When comparing the Moran statistics and the spatial-temporal scan, areas of disagreement were observed in the presence of spatial clusters: while in the Moran statistics, areas of risk appear in the states of Amazonas, Roraima and Amapá (in the North), in Mato Grosso (Central-West) and Rio Grande do Norte, Paraíba and Alagoas (in the Northeast), these states do not have risk clusters in the spatial-temporal analysis (Figs 3 and 4).

Association between social vulnerability and the incidence of tuberculosis in Brazil

Only the variable “percentage of people age 18 years or older who have not completed primary schooling and who are informally employed” did not show bivariate spatial correlation and was excluded from the regression model. In analysis of the six blocks of variables, there was spatial dependence of the residues of the ordinary least squares model, and the Lagrange multiplier tests indicated spatial lag as the spatial model to be applied.

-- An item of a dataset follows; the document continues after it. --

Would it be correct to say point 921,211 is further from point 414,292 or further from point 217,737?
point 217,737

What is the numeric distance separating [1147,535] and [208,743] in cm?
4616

The overall SVI and the Human Capital and Income and Work subindices were associated with the incidence of tuberculosis. In the disaggregate analysis of variables, association was observed with one variable from the Urban Infrastructure subindex (percentage of people residing in households with per capita income less than half the minimum wage of 2010 who spend more than one hour to reach their workplace), six from the Human Capital subindex (percentage of children between 6 and 14 years of age who do not attend school; percentage of girls between 10 and 17 years of age who have had children; percentage of head-of-household mothers who have not completed primary school and who have at least 1 child under 15 years of age; illiteracy rate in the population age 15 years or over; percentage of children residing in households where none of the residents have completed primary school; and percentage of people from 15 to 24 years of age who do not study, do not work, and have a per capita household income less than or equal to half the minimum wage of 2010), three variables from the Income and Work subindex (proportion of people with per capita household income less than or equal to half the minimum wage of 2010; unemployment rate of the population age 18 years or over; and percentage of people in households with per capita income less than or equal to half the minimum wage of 2010 who are dependent on elderly individuals), and seven additional variables that also express vulnerability, but that were not contemplated in the SVI (illiteracy rate [18 years of age or older]; income per capita of people who are vulnerable to poverty; percentage of income from work; percentage of employers [18 years of age or older]; percentage of employed people who have completed primary education [18 years of age or older]; percentage of employed people who have completed higher education [18 years of age or older]; and average income of employed people [18 years of age or older]) (Table 3). In all analyses, the Spatial Lag Model performed better when compared to the OLS model (S1 Table).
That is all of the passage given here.